Alabama bill bans hormone treatments for trans youth

It would be a crime for a doctor providing gender-affirming treatment to minors to be subject to the bill.

Alabama bill bans hormone treatments for trans youth

On Wednesday, Alabama legislators passed legislation making it a crime to give minor transgender people hormones, puberty-blockers or other surgeries to affirm their gender identity.

This bill is just one of many such measures that are being considered in the statehouses throughout the country.

The Senate-passed legislation was approved by the House Judiciary Committee, and now it moves to the full Alabama House of Representatives. A House version of the bill was also approved by the committee. It would be a crime for a doctor or surgeon to perform surgery to assist in gender transitions of persons 18 and younger to make the prescriptions.

Rep. Wes Allen (the Republican sponsor of this bill) stated that adults are free to do whatever they like, but that the bill was to protect children.

Allen claimed that children aren't mature enough to make decisions about medications. He compared it to the way lawmakers have passed legislation to protect them from smoking, alcohol and vaping.

He stated that it was not a good idea to give the medications to children and that it would be an abuse to do so.

Opponents claim that lawmakers are interfering with decisions that should be made by doctors and families.

"We are not supposed to be here substituting for our judgment for that person closest to the child, and I personally believe this legislation doesn’t protect them, it endsangers them and their families," stated Rep. Chris England from Tuscaloosa, a Democratic representative.

In July , a federal judge temporarily blocked an Arkansas law similar to the one that would have banned gender-confirming treatment for transgender youth. The American Civil Liberties Union sued the state for its ban on transgender youths, their families, and two gender-confirming doctors.

Alabama's legislation is just one of many billsmoving across statehouses that could affect transgender people.

In earlier public hearings, parents and a transgender teenager spoke out against the bill.

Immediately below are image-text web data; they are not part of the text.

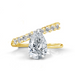 Carly Comet Engagement Ring - Armans Fine Jewellery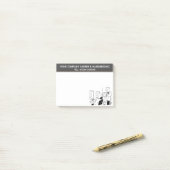 Post-it® Barbier et coiffure Dessin pour personnaliser (Sur un bureau)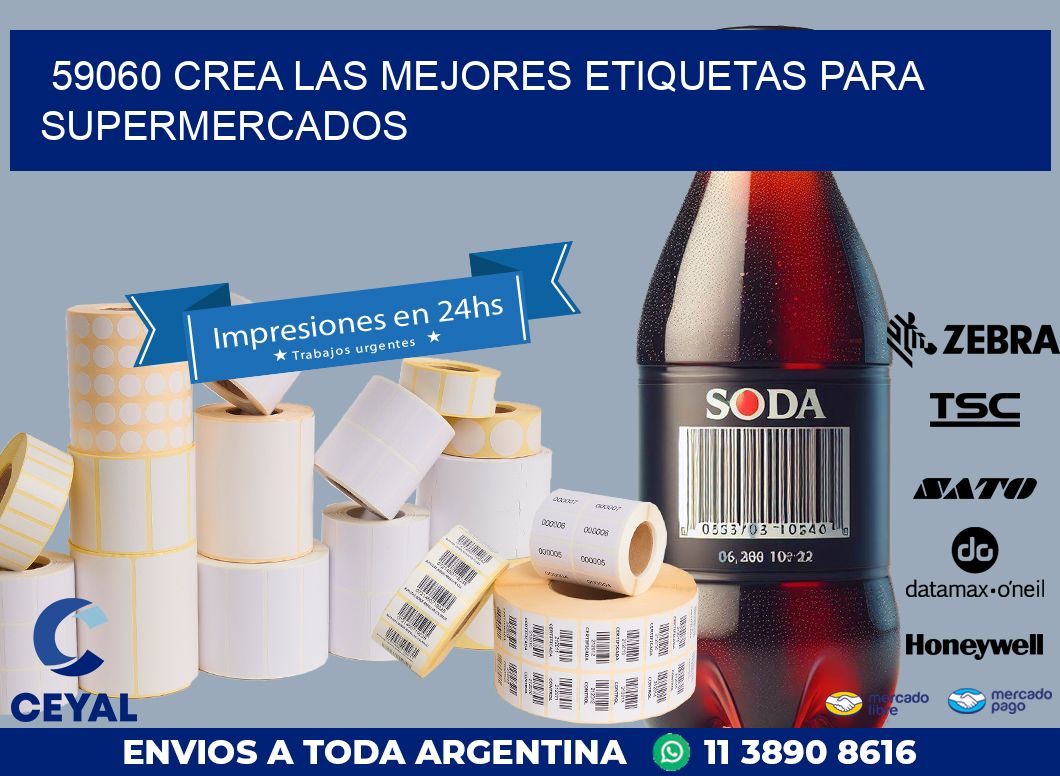 59060 CREA LAS MEJORES ETIQUETAS PARA SUPERMERCADOS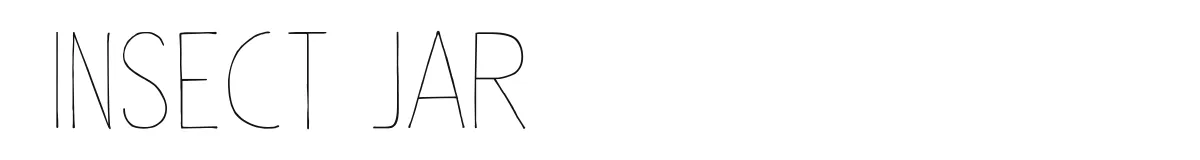 Insect Jar font preview
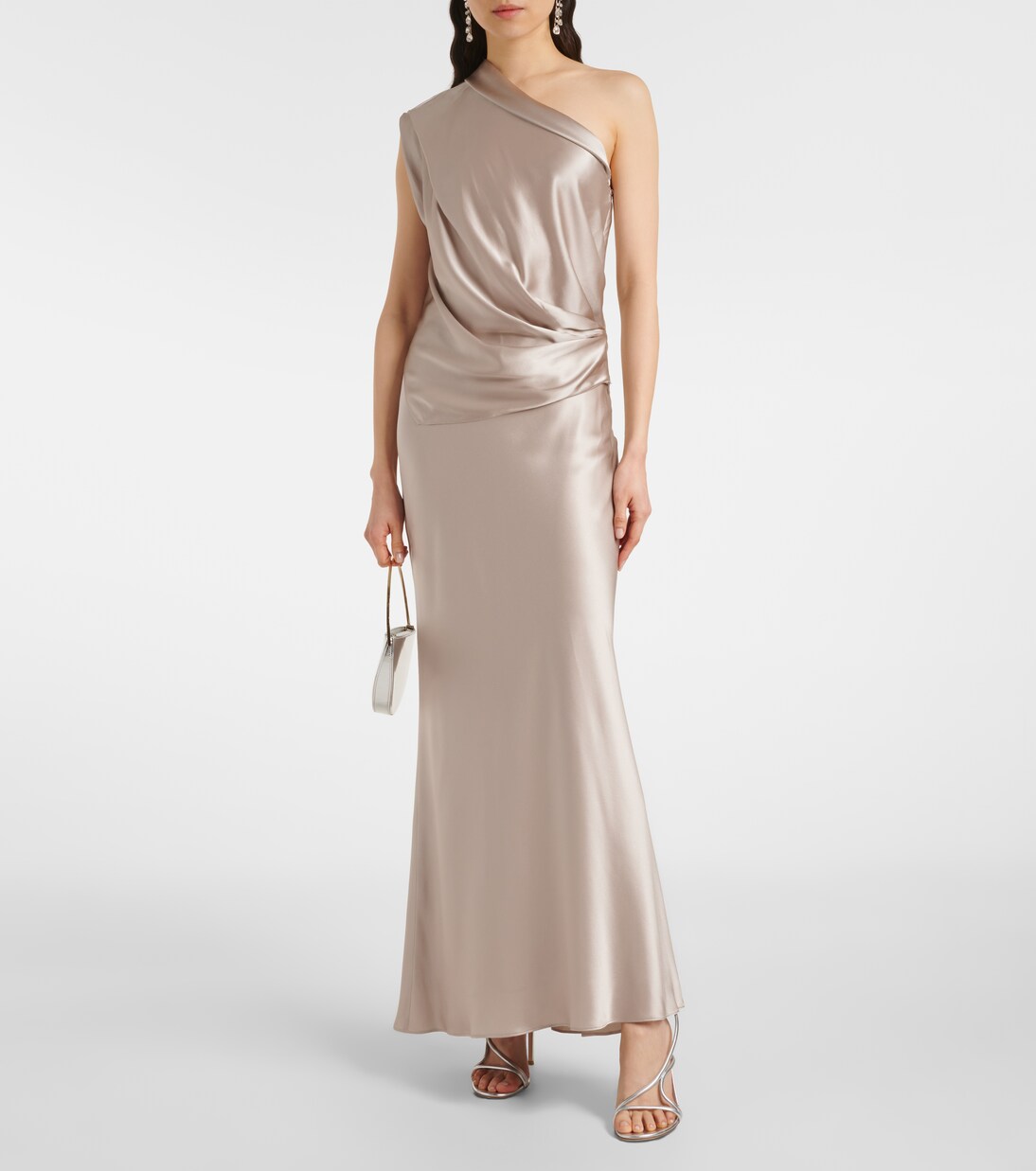 One-Shoulder-Top aus Seidensatin | The Sei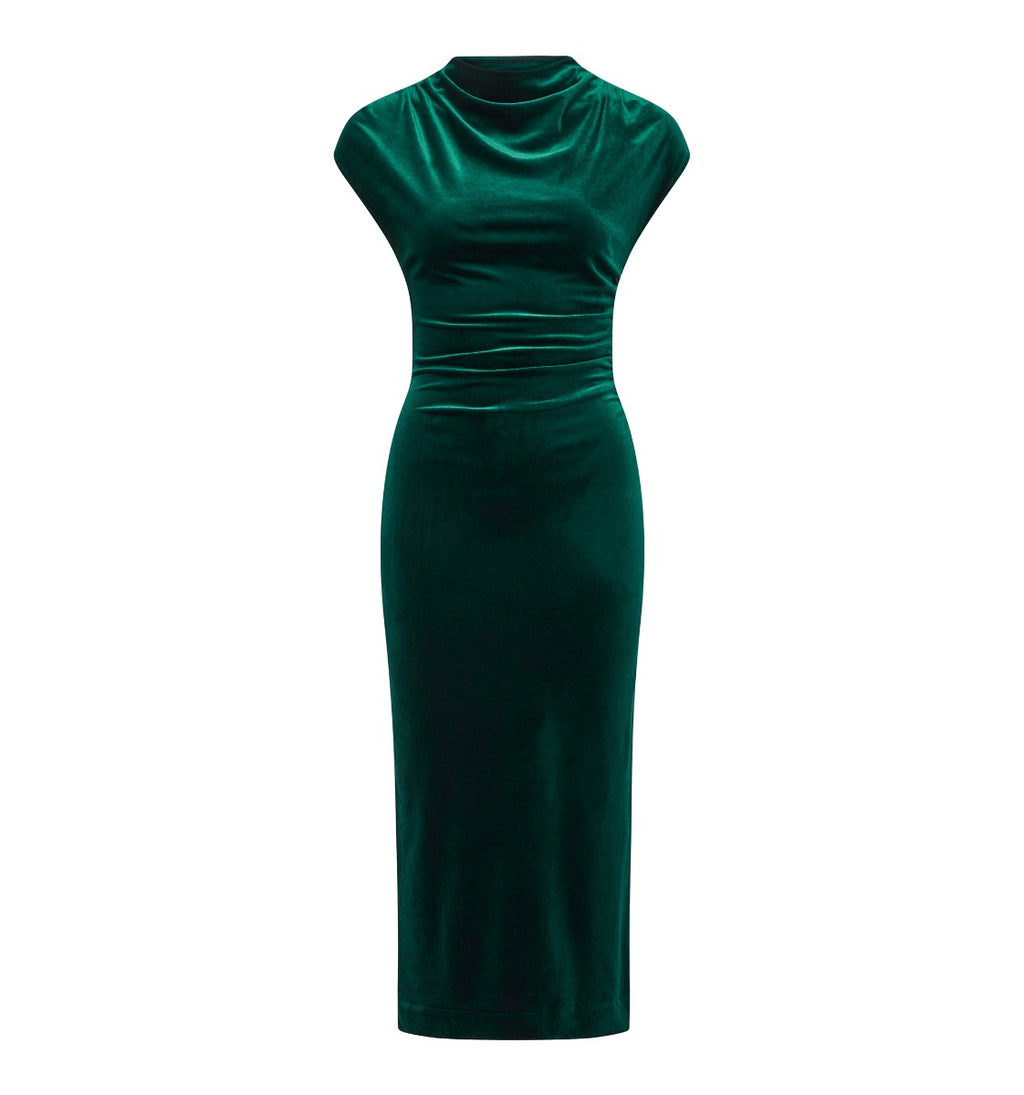 Sammy Petite Velvet Bodycon Maxi Dress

The committee has given its approval, and the Alabama legislation is now close to final approval. The Human Rights Campaign, which is the largest LGBTQ civil rights organization in the country, has condemned the committee's actions.

"Alabama has decided, against the advice of top doctors across the nation, to criminalize critical care that transgender youth desperately need. This decision severely restricts parents' rights and that of medical providers to make individual health care decisions for each child, with the aim of reducing transgender children's emotional and physical distress," Carmarion Anderson Harvey, Alabama director of the Human Rights Campaign, stated in a statement.